Joined :4/14/2010 | Video Recipes: 7 | Follow Chef
East Hampton, NY United States
Raised in Massapequa, NY I have worked in restaurants since the age of 15. I started as a bus boy, moved up to waiter and at the age of 21 I enrolled in the Culinary Arts Program at the C.I.A. After graduation I moved to Atlanta, GA. There, I worked for Jean Banchet, Joel Antunes and Bruno Menard.
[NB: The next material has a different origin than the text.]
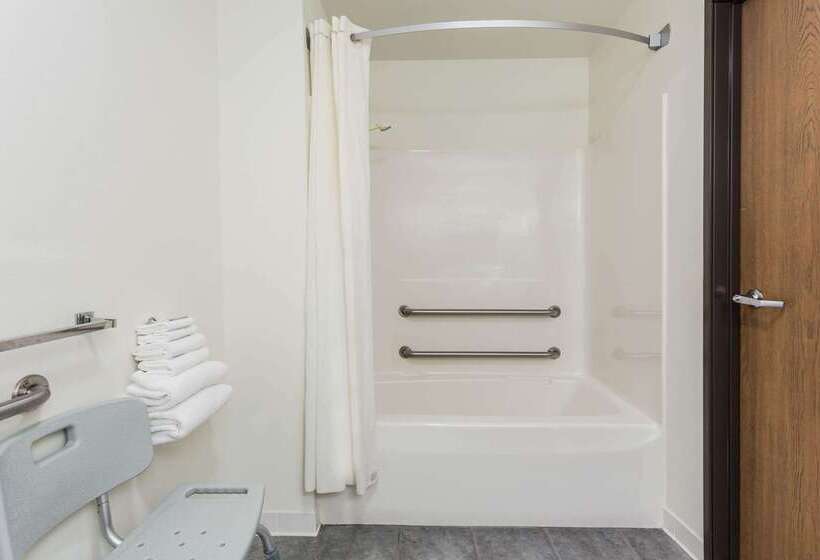 فندق Super 8 By Wyndham Reedsburg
After five years in Atlanta I moved to New Orleans to work as Sous Chef under Frank Brunacci at the Ritz-Carlton. It was at the Ritz where I met my future wife and business partner, Yvette. We moved to Las Vegas for three years were I was the opening Sous-Chef at both of Hubert Keller's restaurants in the Mandalay Bay Hotel, Fleur de Lys and Burger Bar. Yvette and I got married, decided to start a family and moved back to Long Island. We settled down in East Hampton. I worked at The Maidstone Club, an exclusive Beach/Golf Club on the Atlantic Ocean, and Yvette & I had our first child, William. I then helped to open Indian Wells Tavern in 2008 and Yvette had our second child, Sophie. Both William and Sophie were born in August, which out on the East End is the busiest month for tourism. In late May of 2009 Yvette and I opened Rugosa, a French inspired Modern American Restaurant in East Hampton. As you can see, our lives have not been stress free since moving to Long Island but we are loving every minute of it!